NOLA Crawfish Festival
3 p.m. to 10 p.m. Monday-Wednesday, Central City BBQ (1201 S. Rampart St.), various price levels
Chris “Shaggy” Davis, proprietor of NOLA Crawfish King, has met and fed scores of musicians via his legendary crawfish boils at the Bonnaroo festival and elsewhere. He combines food and music at his annual NOLA Crawfish Festival at Central City BBQ between Jazz Fest weekends. This year’s music roster includes Neville Jacobs featuring Cris Jacobs and Ivan Neville, the Mike Dillon Band, Eric Krasno and, on Wednesday, Papa Mali with Alvin “Youngblood” Hart, Anders Osborne with keyboardist David Torakanowsky, and guitarists Samantha Fish and Jonathan “Boogie” Long. Daily general admission is $40. General admission with a single order of boiled crawfish is $50. VIP admission, good for unlimited crawfish, craft beer and other amenities, is $150 per day. Multi-day discount packages are also available.
Shorty Fest 2019
8 p.m. Wednesday, House of Blues, $80 general admission
The seventh edition of the Jazz Fest season charitable event raises money for Troy “Trombone Shorty” Andrews’ foundation, which sponsors various cultural and educational initiatives. Scheduled performers include Trombone Shorty & Orleans Avenue, the Soul Rebels with Pedrito Martinez, Southern Avenue, Tribal Gold (a collaboration of the New Orleans Suspects and the Golden Commanche Mardi Gras Indians), the New Breed Brass Band, Erica Falls, Lil' Glenn & Backatown, Sarayah and students from the Trombone Shorty Academy. Performances are in both the main music hall and the adjacent Parish. In addition to the $80 general admission tickets, VIP tickets, which include reserved viewing areas on the HOB balcony and open bar, are $250 or $500.
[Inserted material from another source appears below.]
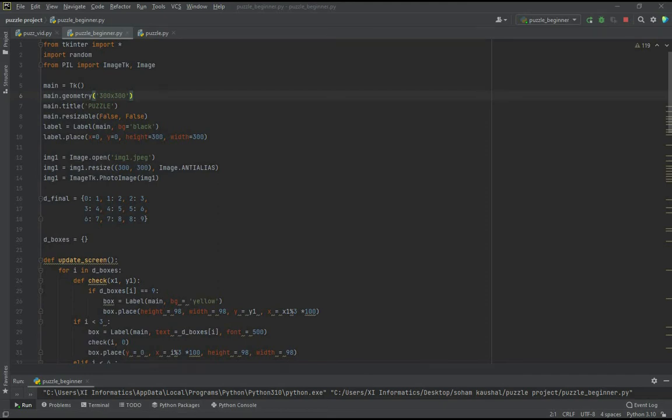Om Shri Sairam. So today we are going to learn how to create a puzzle game with basic Python and tkinter knowledge.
9 p.m. Wednesday, Tipitina’s, $25
The word on Billy Strings is that he’s a cross between bluegrass legend Bill Monroe and hard-rock ragers Pantera. Born William Apostol in Lansing, Michigan, he endured some tough teenage years before finding his calling with an acoustic guitar. He picks and plays at full throttle, his fingers flying at seemingly impossible speeds even as he head-bangs and thrashes around the stage. On numerous performance videos for the title track of his full-length debut album, “Turmoil & Tinfoil,” he delivers dazzling solos and runs. He has an Appalachian-worthy voice to boot, and his mandolin, banjo and upright bass players are just as nimble as he is. He made his New Orleans debut in November, and returns for a Jazz Fest week showcase at Tipitina’s. Drummer and guitarist Cedric Burnside, the grandson of Mississippi bluesman R.L. Burnside, opens the show.
10 p.m. Wednesday, Civic Theatre, sold out
One of New Orleans’ most beloved bands, a sort of Big Easy answer to Creedence Clearwater Revival, the Radiators traditionally stage their occasional reunions at Tipitina’s. But following a dispute with the former owner of Tipitina’s — the club was subsequently bought by members of the band Galactic — the Radiators moved their Jazz Fest week gig to the Civic Theatre.